**TASK DATA:**
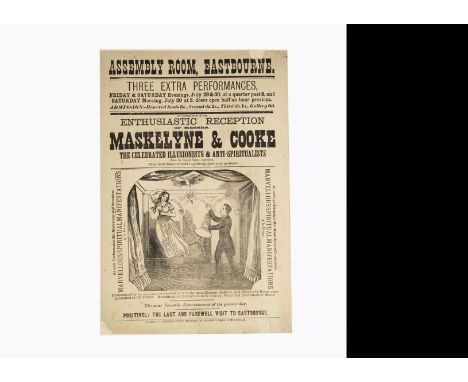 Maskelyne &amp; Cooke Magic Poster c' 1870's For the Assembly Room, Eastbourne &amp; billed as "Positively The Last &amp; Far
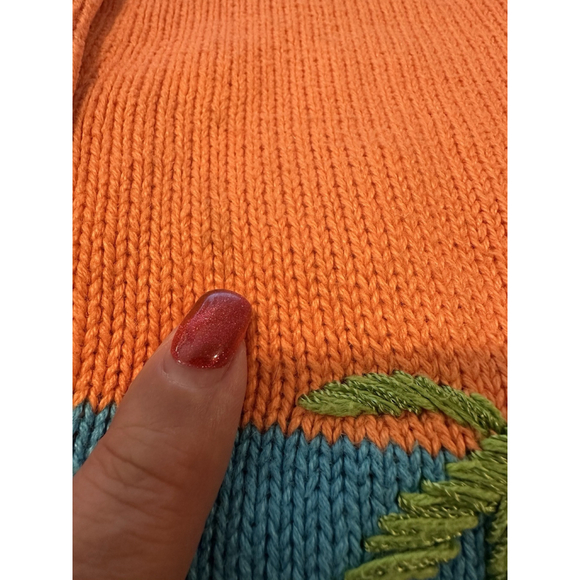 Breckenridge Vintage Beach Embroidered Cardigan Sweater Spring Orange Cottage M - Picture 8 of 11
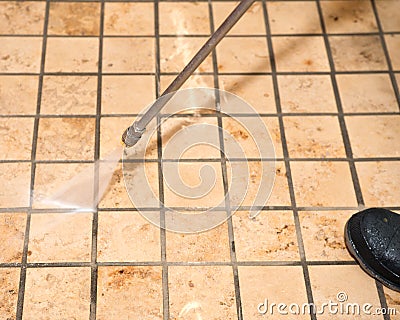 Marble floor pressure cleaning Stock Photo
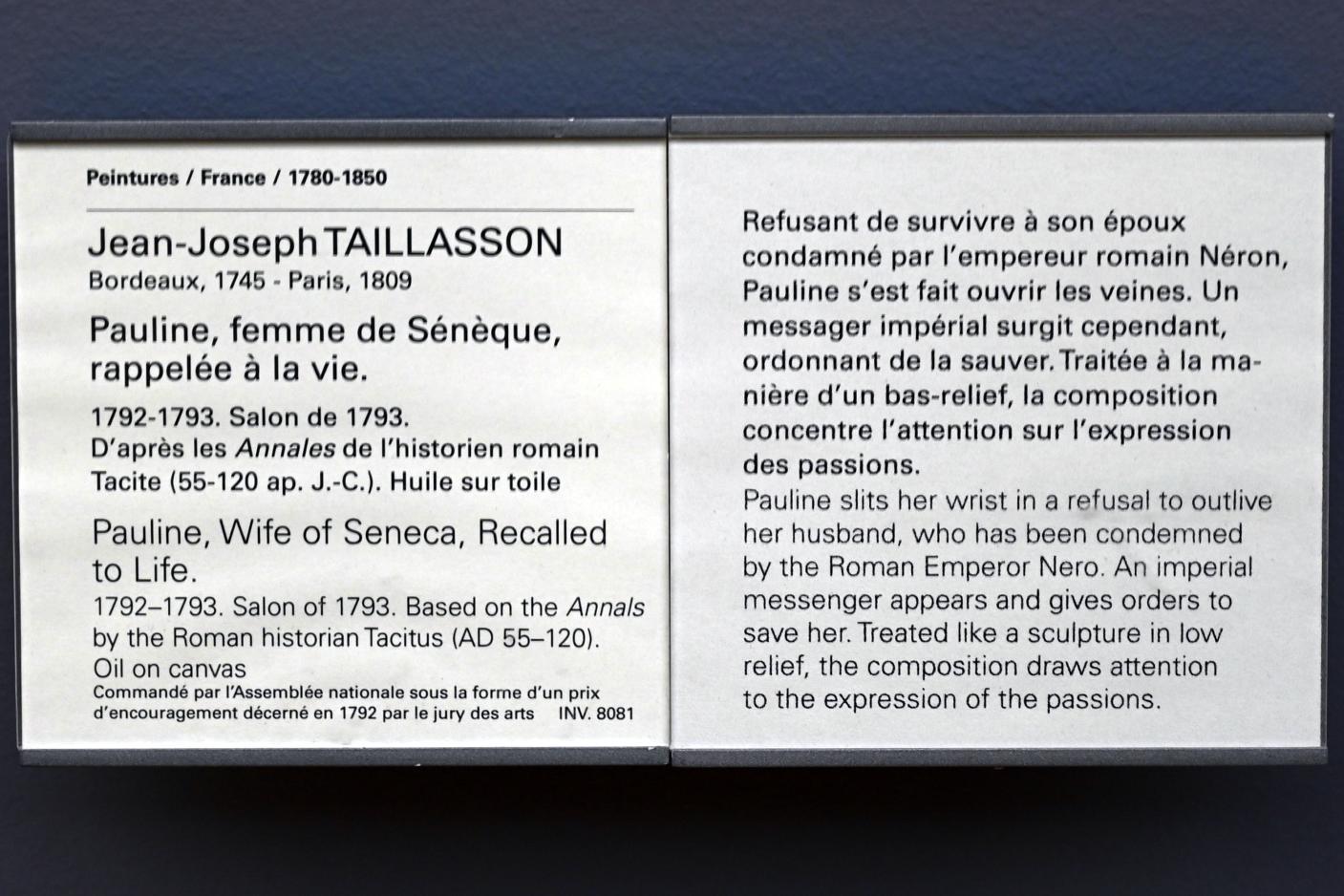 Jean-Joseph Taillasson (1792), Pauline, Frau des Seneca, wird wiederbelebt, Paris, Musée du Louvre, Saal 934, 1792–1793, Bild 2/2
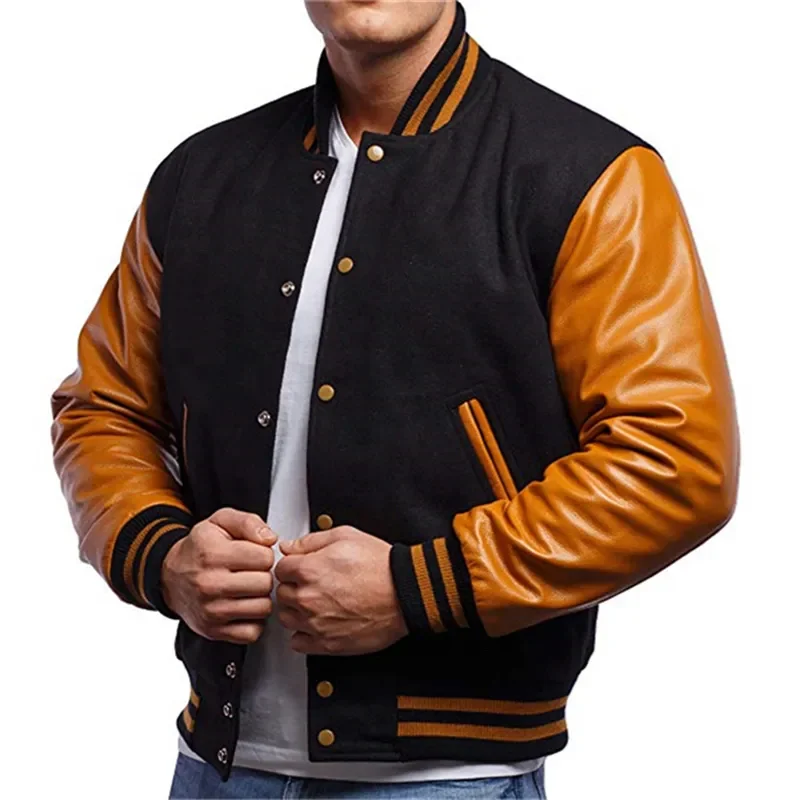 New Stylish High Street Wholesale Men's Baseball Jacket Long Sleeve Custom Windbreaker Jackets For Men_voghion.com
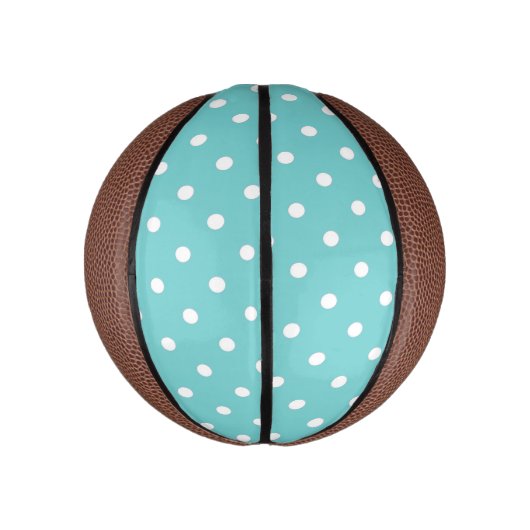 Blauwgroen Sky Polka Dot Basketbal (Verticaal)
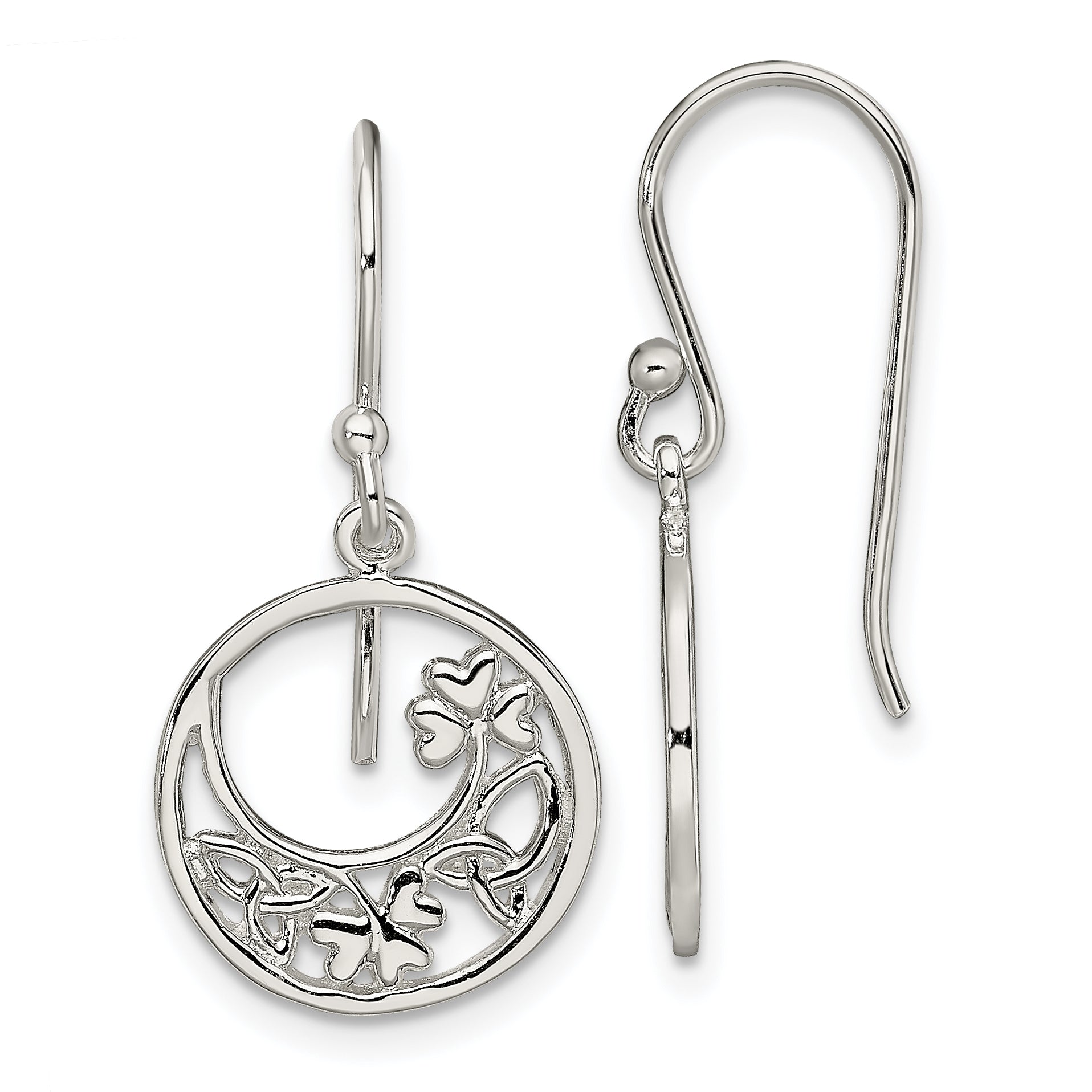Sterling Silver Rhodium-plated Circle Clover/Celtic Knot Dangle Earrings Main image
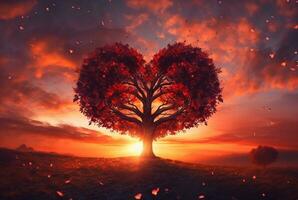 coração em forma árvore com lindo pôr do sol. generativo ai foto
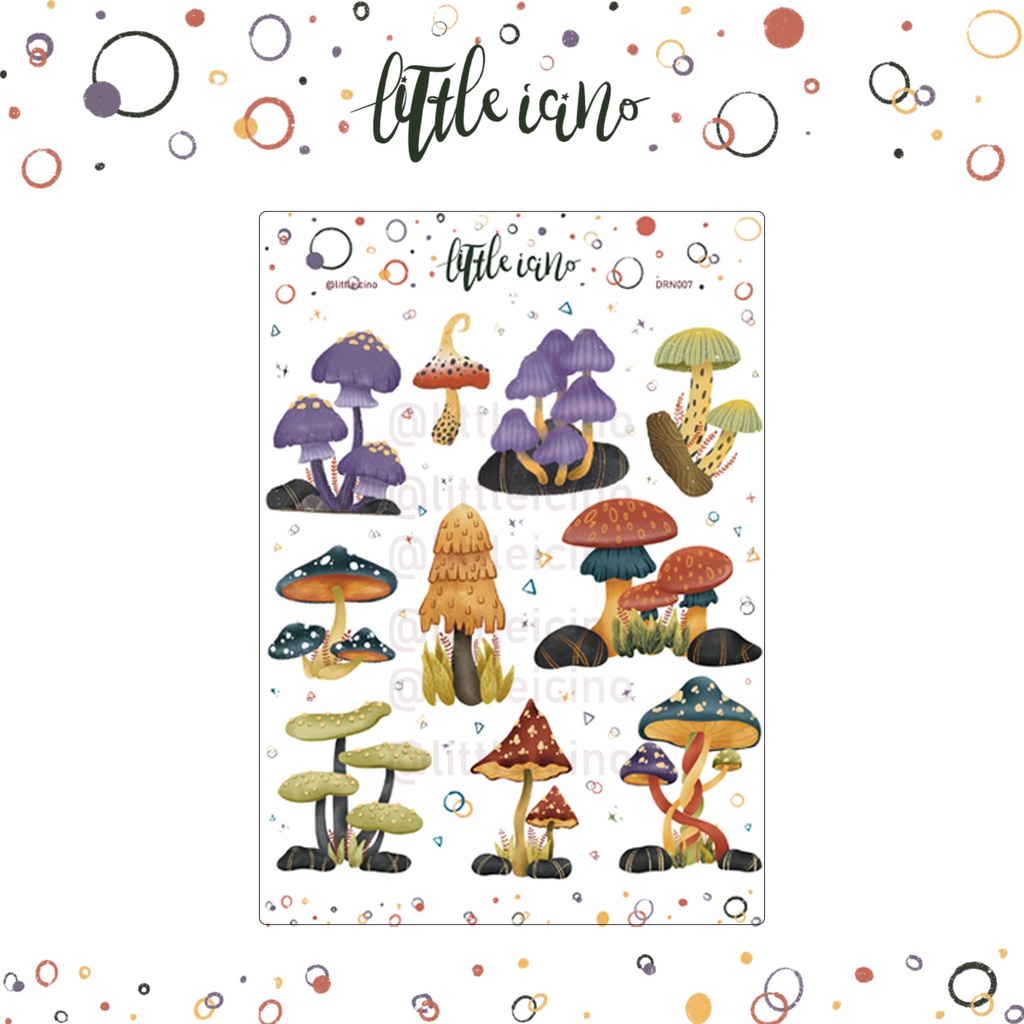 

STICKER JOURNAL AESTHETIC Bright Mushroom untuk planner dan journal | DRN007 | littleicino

**WORK INSTRUCTIONS:**
From the first record to the last, retype everything exactly except the images.

**ANSWER TO THIS PROBLEM:**
 Maskelyne &amp; Cooke Magic Poster c' 1870's For the Assembly Room, Eastbourne &amp; billed as "Positively The Last &amp; Far
 Breckenridge Vintage Beach Embroidered Cardigan Sweater Spring Orange Cottage M - Picture 8 of 11
 Marble floor pressure cleaning Stock Photo
 Jean-Joseph Taillasson (1792), Pauline, Frau des Seneca, wird wiederbelebt, Paris, Musée du Louvre, Saal 934, 1792–1793, Bild 2/2
 New Stylish High Street Wholesale Men's Baseball Jacket Long Sleeve Custom Windbreaker Jackets For Men_voghion.com
 Blauwgroen Sky Polka Dot Basketbal (Verticaal)
Sterling Silver Rhodium-plated Circle Clover/Celtic Knot Dangle Earrings Main image
 coração em forma árvore com lindo pôr do sol. generativo ai foto

STICKER JOURNAL AESTHETIC Bright Mushroom untuk planner dan journal | DRN007 | littleicino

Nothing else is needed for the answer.